(Crawled caption data)
################

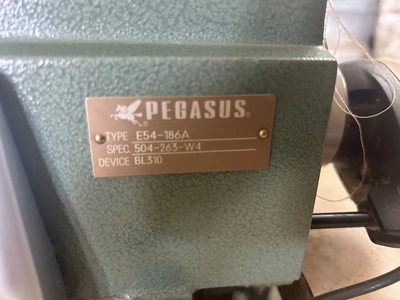 Pegasus/Wilcox & Gibbs E54-186A Industrial Sewing Machine w/ Efka V734 Control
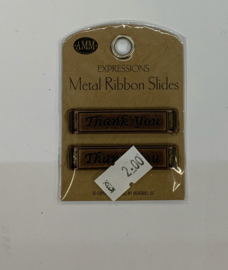 Thank You Metal Ribbon Slide - AMM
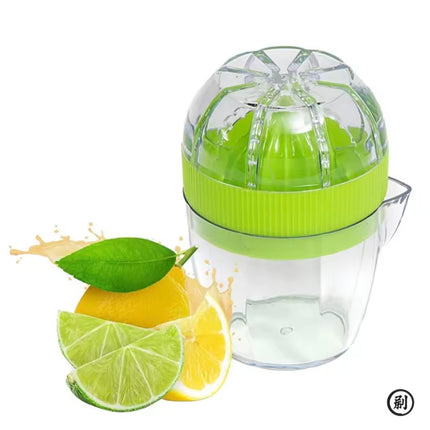 عصارة ليمون يدوية بلاستيكية بغطاء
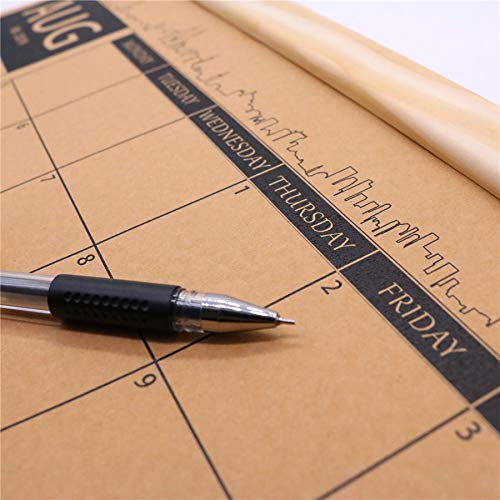 2025-2026 Rustic Wooden Wall Calendar - 18 Month Planner with Kraft Paper & Scroll Frame (16x12 inches) - Perfect for Home Office, Kitchen, or Gift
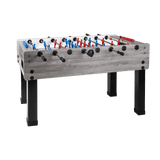 Calciobalilla G500 Rovere Grigio con Aste Rientranti, piano gioco vetro - biliardino Garlando con 50 Palline in omaggio cd.G500GRRCVL.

################

With the images omitted, retype the records above exactly.

 Pegasus/Wilcox & Gibbs E54-186A Industrial Sewing Machine w/ Efka V734 Control
 Thank You Metal Ribbon Slide - AMM
 عصارة ليمون يدوية بلاستيكية بغطاء
 2025-2026 Rustic Wooden Wall Calendar - 18 Month Planner with Kraft Paper & Scroll Frame (16x12 inches) - Perfect for Home Office, Kitchen, or Gift
 Calciobalilla G500 Rovere Grigio con Aste Rientranti, piano gioco vetro - biliardino Garlando con 50 Palline in omaggio cd.G500GRRCVL.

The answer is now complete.